[Data entries]
#####
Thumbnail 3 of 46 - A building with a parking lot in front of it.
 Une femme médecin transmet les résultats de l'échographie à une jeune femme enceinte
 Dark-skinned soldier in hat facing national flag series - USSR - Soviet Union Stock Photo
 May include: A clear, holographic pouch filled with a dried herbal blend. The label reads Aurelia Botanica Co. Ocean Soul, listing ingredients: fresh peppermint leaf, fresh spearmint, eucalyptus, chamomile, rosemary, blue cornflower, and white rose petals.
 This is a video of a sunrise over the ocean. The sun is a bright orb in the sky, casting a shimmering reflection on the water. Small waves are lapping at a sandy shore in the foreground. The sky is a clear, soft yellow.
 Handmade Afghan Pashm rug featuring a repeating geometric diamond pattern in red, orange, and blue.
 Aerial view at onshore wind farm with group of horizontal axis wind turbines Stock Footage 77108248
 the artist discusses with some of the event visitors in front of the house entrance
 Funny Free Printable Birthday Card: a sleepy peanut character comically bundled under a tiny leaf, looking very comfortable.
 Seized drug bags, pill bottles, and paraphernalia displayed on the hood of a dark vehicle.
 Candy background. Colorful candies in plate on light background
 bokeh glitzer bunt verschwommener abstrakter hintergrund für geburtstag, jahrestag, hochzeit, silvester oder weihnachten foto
#####
» Problem details
Make sure that every entry above is copied out exactly as it stands.

» Exercise response
Thumbnail 3 of 46 - A building with a parking lot in front of it.
 Une femme médecin transmet les résultats de l'échographie à une jeune femme enceinte
 Dark-skinned soldier in hat facing national flag series - USSR - Soviet Union Stock Photo
 May include: A clear, holographic pouch filled with a dried herbal blend. The label reads Aurelia Botanica Co. Ocean Soul, listing ingredients: fresh peppermint leaf, fresh spearmint, eucalyptus, chamomile, rosemary, blue cornflower, and white rose petals.
 This is a video of a sunrise over the ocean. The sun is a bright orb in the sky, casting a shimmering reflection on the water. Small waves are lapping at a sandy shore in the foreground. The sky is a clear, soft yellow.
 Handmade Afghan Pashm rug featuring a repeating geometric diamond pattern in red, orange, and blue.
 Aerial view at onshore wind farm with group of horizontal axis wind turbines Stock Footage 77108248
 the artist discusses with some of the event visitors in front of the house entrance
 Funny Free Printable Birthday Card: a sleepy peanut character comically bundled under a tiny leaf, looking very comfortable.
 Seized drug bags, pill bottles, and paraphernalia displayed on the hood of a dark vehicle.
 Candy background. Colorful candies in plate on light background
 bokeh glitzer bunt verschwommener abstrakter hintergrund für geburtstag, jahrestag, hochzeit, silvester oder weihnachten foto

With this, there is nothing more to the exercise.